===== Records for this exercise =====

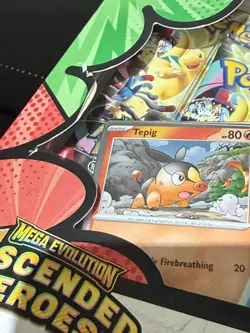 Pokemon Ascended Heroes Sealed Bundle - Brand New- FAST SHIPPING ✅ - Image 4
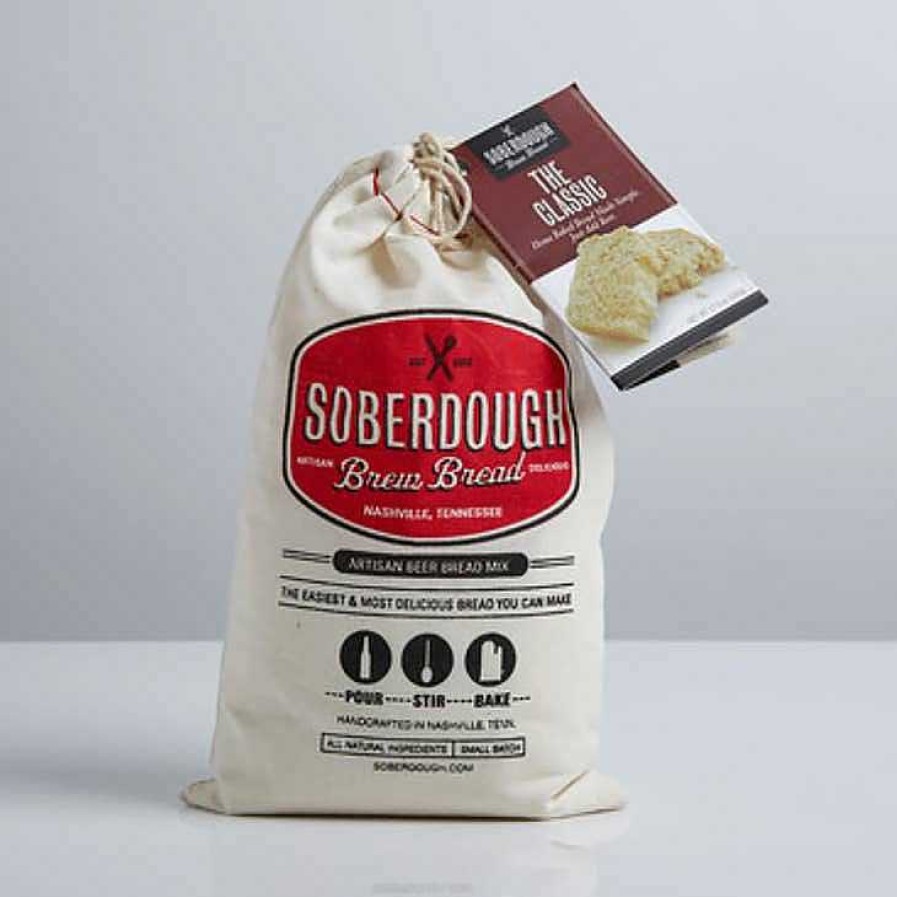 Kitchen Relish Decor | Soberdough Brew Bread - Classic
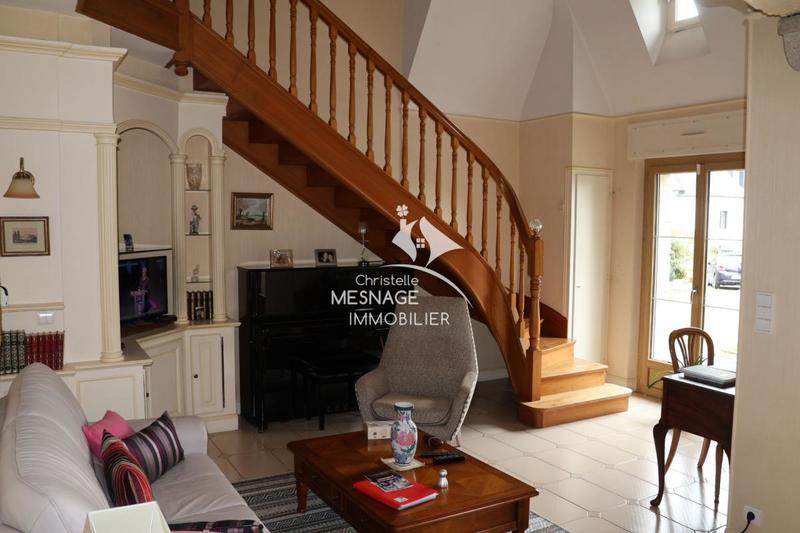 Maison - 135 m² - 7 pièces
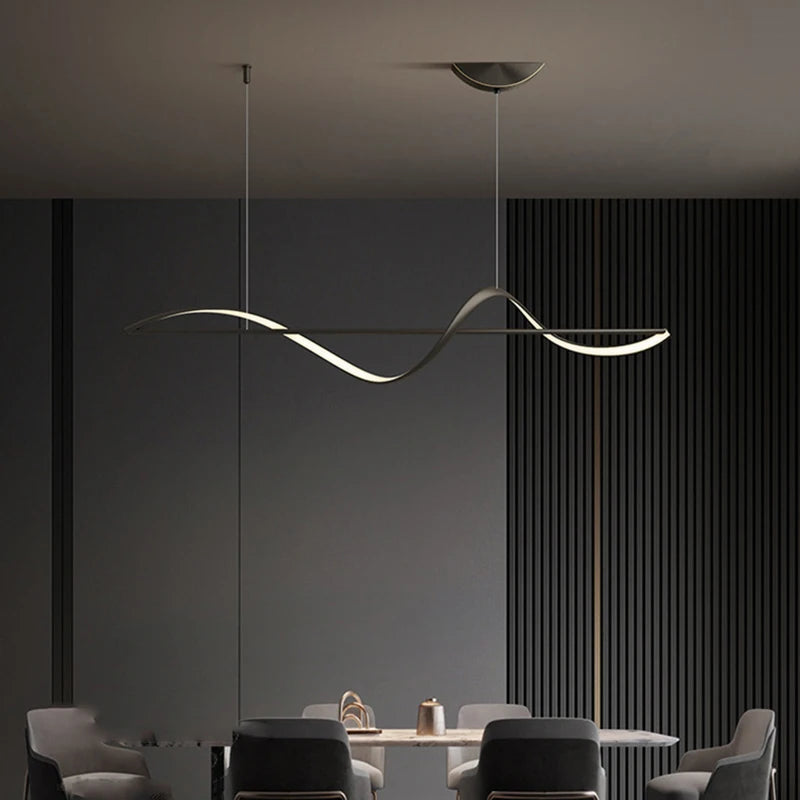 SEPTAL Modern Nordic LED Pendant Light - Chandelier
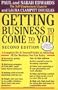 Getting Business To Come to You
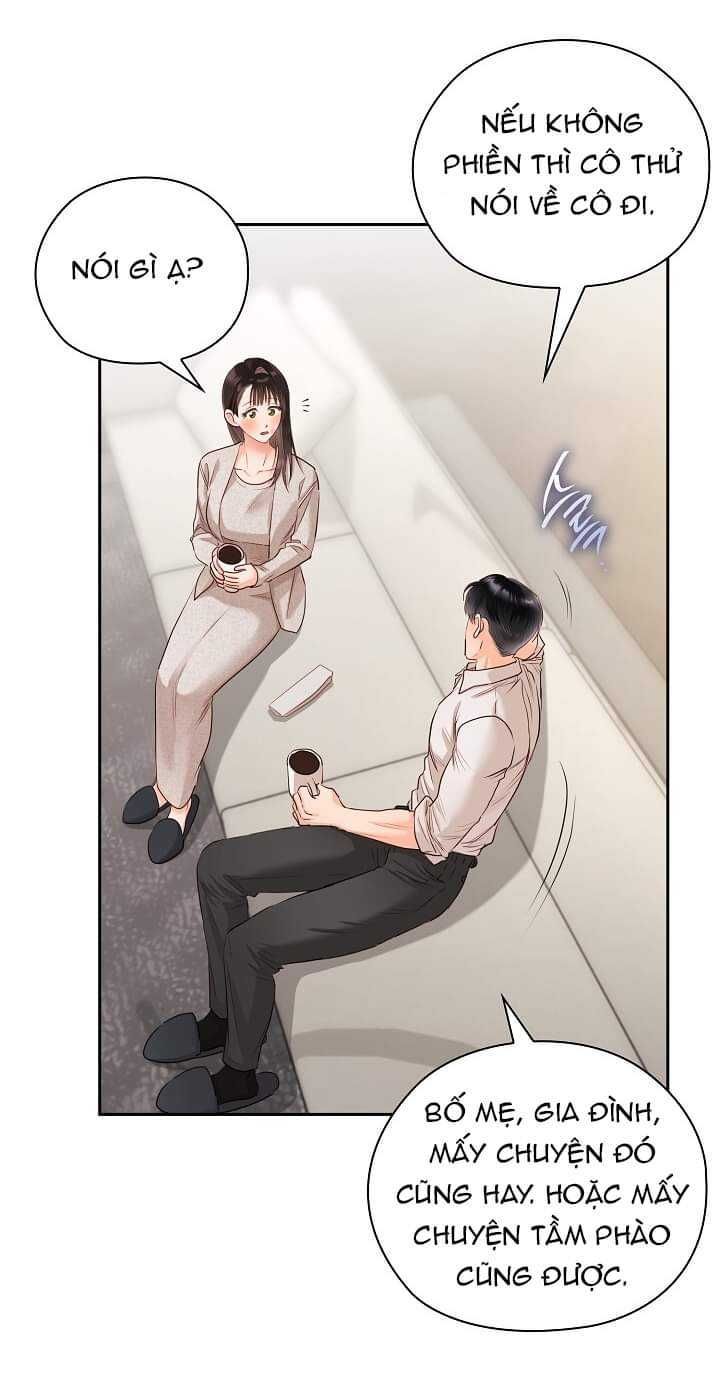 đọc truyện [18+] Trong Công Ty Thì Hãy Đứng Đắn Chương 48.5 ảnh 13 tại Truyện Dạ Ký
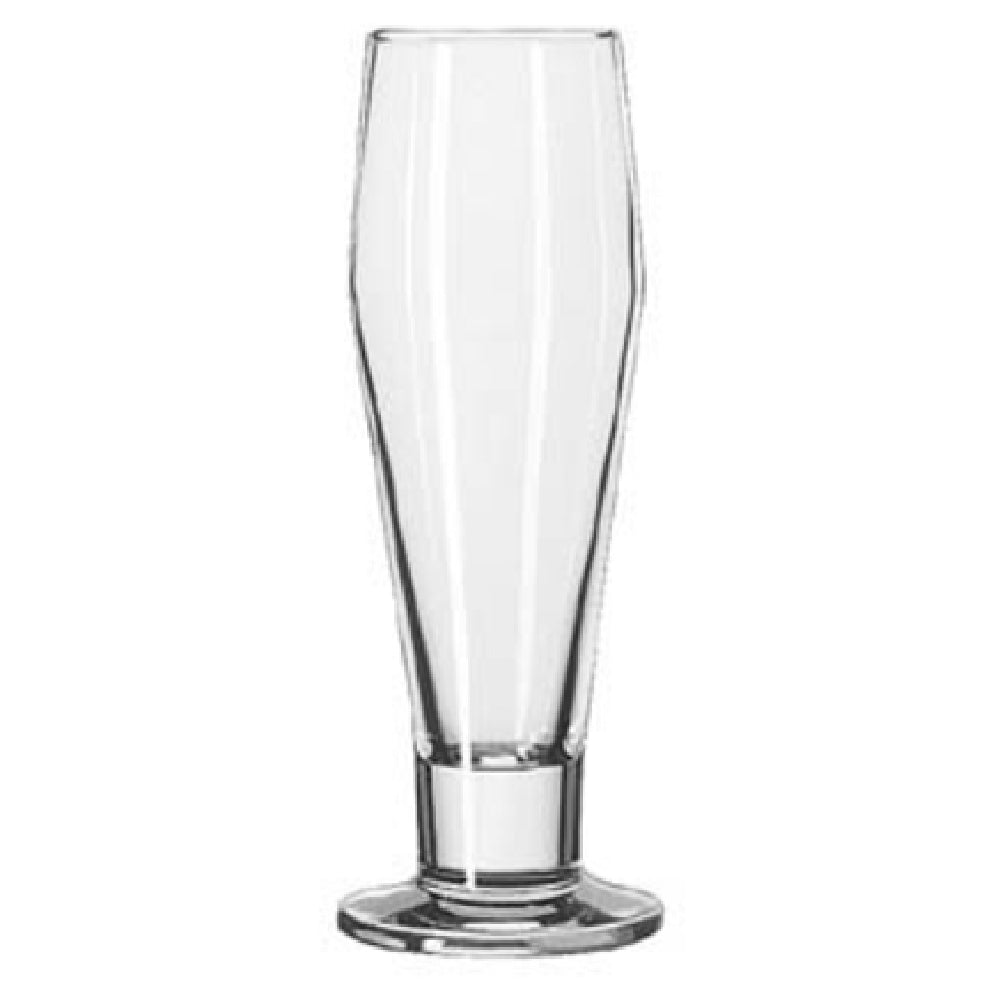 Libbey 3815 Ale Glass 15-1/4 Oz. Safedge® Rim & Foot Guarantee
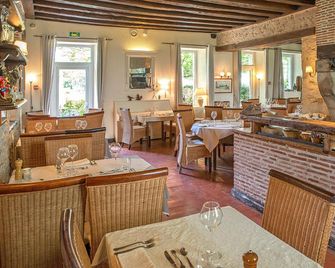 La Ferme des 3 Maillets - Muides-sur-Loire - Ristorante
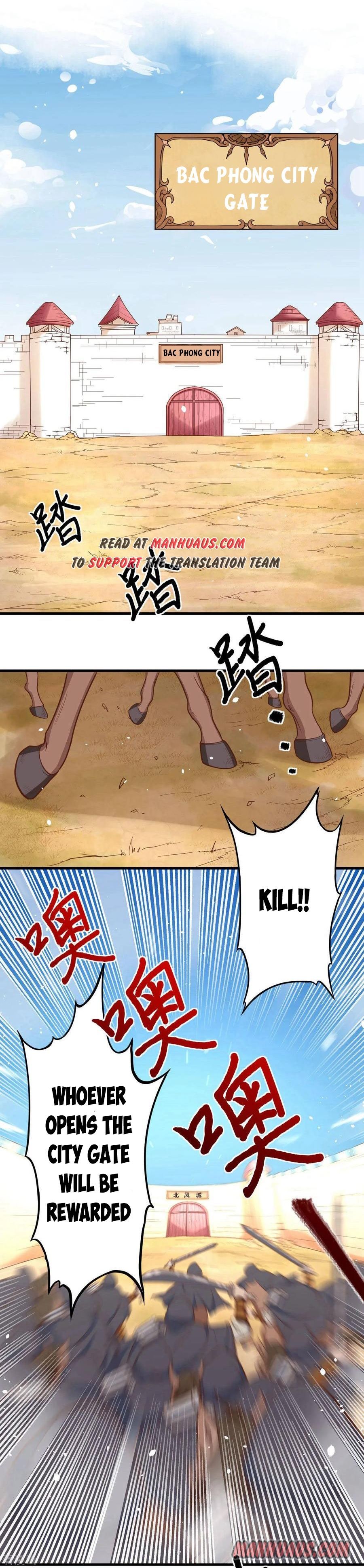 Starting From Today I’ll Work As A City Lord chapter 64 - page 7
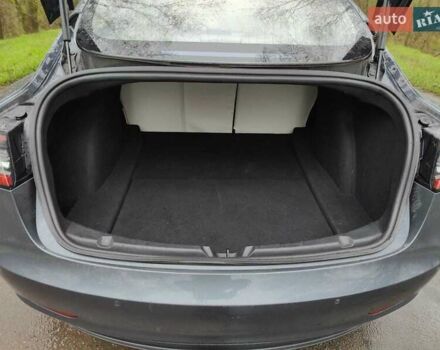 Серый Тесла Модель 3, объемом двигателя 0 л и пробегом 144 тыс. км за 16500 $, фото 33 на Automoto.ua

=====

_Problem to work on_.
Output the data above exactly. Drop every picture.

_Task output_.
 Pokemon Ascended Heroes Sealed Bundle - Brand New- FAST SHIPPING ✅ - Image 4
 Kitchen Relish Decor | Soberdough Brew Bread - Classic
 Maison - 135 m² - 7 pièces
 SEPTAL Modern Nordic LED Pendant Light - Chandelier
 Getting Business To Come to You
 đọc truyện [18+] Trong Công Ty Thì Hãy Đứng Đắn Chương 48.5 ảnh 13 tại Truyện Dạ Ký
 Libbey 3815 Ale Glass 15-1/4 Oz. Safedge® Rim & Foot Guarantee
 La Ferme des 3 Maillets - Muides-sur-Loire - Ristorante
 Starting From Today I’ll Work As A City Lord chapter 64 - page 7
 Серый Тесла Модель 3, объемом двигателя 0 л и пробегом 144 тыс. км за 16500 $, фото 33 на Automoto.ua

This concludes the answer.